If you're going to grad school for psychology, your needs may be a bit different...but chances are good that the recommendations here will suffice for you as well.

https://drive.google.com/file/d/0B4ZtXTwxIPrjc2F2dW42MG45R0E/view

Sunday, January 22, 2017

Thinking about the GRE?



Thinking about grad school and the GRE?

You'll find some review materials available here.

Up-to-date information about the test itself, the nearest testing center to you, registration for the test, and more is available here.
  • Start preparing for the GRE over winter break of your junior year, at the latest. Take practice tests, to get familiar with the kinds of questions on the exam and the time limits you'll face.

    Prepare more intensively in the months before you take the exam. There are free materials available online, or at your local library—it's not necessary to spend $30+ on a prep book.
  • If you're particularly bad at taking tests, you may want to begin practicing even earlier.
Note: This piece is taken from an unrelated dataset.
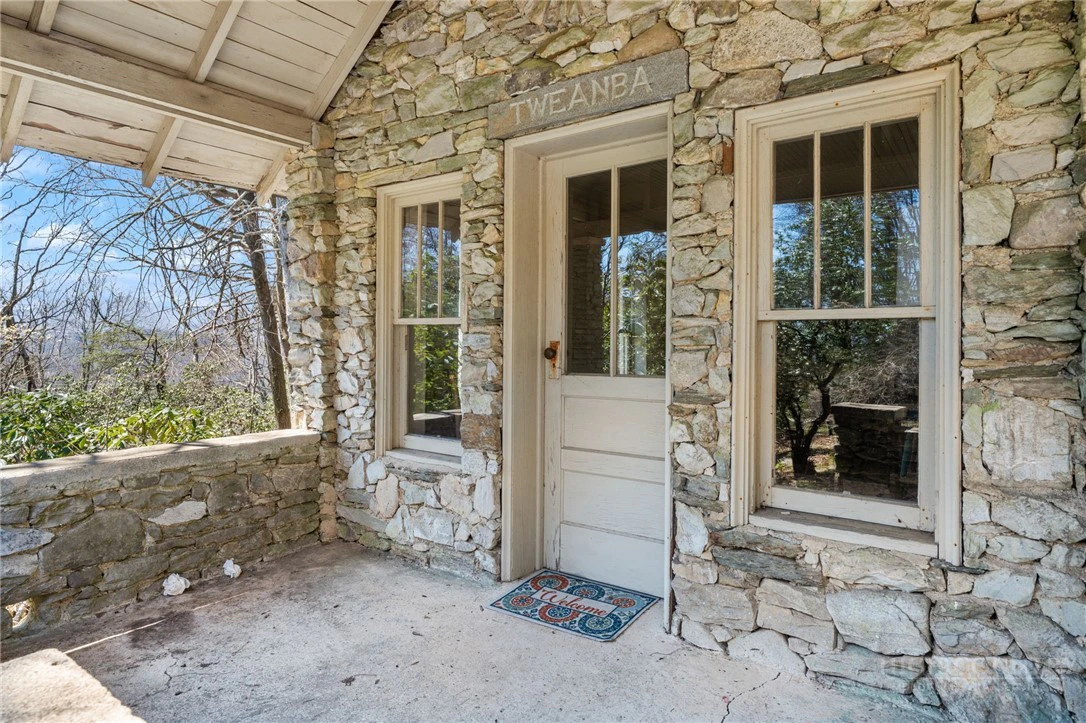 Image number 11 for the current listing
Many programs, particularly academic-focused (as opposed to career-oriented) programs, assume as a matter of course that you'll do well on the GRE.

    For certain graduate programs, like a PhD in Creative Writing, your score on the Quantitative sections isn't so important; likewise, your Analytical Writing score holds less weight with a PhD program in Mathematics or Physics. If your goal is to attend a Master's program and enter the workforce directly afterward, the expectations for your GRE score will be a bit lower than the expectations of a PhD program.
  • You'll want to take the GRE before the beginning of your final year in college—if you take it during the year, when you're taking a full load of classes, you'll be too stressed out to do your best. You'll also have to take a trip to the nearest specialized exam center (if you're in the U.S.).
  • More importantly, carefully pick the programs you're applying to. You pay $195 to take the test. On the day of the test, you can select 4 schools to receive your score; know where you want to send your GRE results.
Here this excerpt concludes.